Proposal for disabling long-lived prepared statements as a cache by default for `Connection` methods #76

vitaly-burovoy · 2017-02-07T04:20:01Z

asyncpg version: asyncpg-0.8.4
PostgreSQL version: any
Python version: CPython-3.5
Platform: Linux
Do you use pgbouncer?: No
Do you use the wheel package or built locally
(if locally, which version of Cython was used)?: Cython-0.25.1
Can your issue be reproduced when running under uvloop?: Yes

While I was commenting #72 I paid attention that asyncpg caches prepared statements by default for methods like fetch and execute of the Connection class. I.e. it uses long-lived objects by default instead of just do what it declares (sending a query to_a_connection because for explicit long-lived statements there is a special "prepare" method).

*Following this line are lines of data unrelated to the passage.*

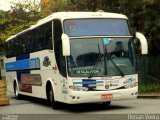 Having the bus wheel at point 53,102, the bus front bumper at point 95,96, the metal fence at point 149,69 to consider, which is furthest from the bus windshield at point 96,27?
the metal fence at point 149,69

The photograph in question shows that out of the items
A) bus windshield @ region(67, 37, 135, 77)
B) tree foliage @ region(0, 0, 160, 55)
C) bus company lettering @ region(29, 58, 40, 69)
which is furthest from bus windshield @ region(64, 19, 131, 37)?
tree foliage @ region(0, 0, 160, 55)

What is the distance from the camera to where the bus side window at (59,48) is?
55.4 feet

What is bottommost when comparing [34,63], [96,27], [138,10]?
[34,63]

Prepared statements allow to separate a query from its parameters, but they also have unobvious disadvantages.

The first one is holding types' parameters of resulting rows. If database objects have changed since the first query of a prepared statement ("PS") was run, all queries of the PS are failed with PG's error mapped to asyncpg.exceptions.FeatureNotSupportedError: cached plan must not change result type (see #72).
The most often cause of changing schema's objects is one of migration tools which are used for all non-"Hello, world" projects.

The second one is holding "generic" plans[1] after five[2] runs of a PS which leads to ineffectiveness under some circumstances because generic plan is not consulting whether concrete parameters match table's statistics or not (see below). It can be very dramatic for OLAP queries. It worsens by inability to flush a Connection cache (except disabling it right at the connecting stage by passing the statement_cache_size=0 to the Connection.__init__).
Also note that many users use the Connection class indirectly by the Pool class and can miss the statement_cache_size argument.

The third one is inability to use external connection poolers like pgbouncer. There are many issues in the tracker and there is a special question for filling a new issue.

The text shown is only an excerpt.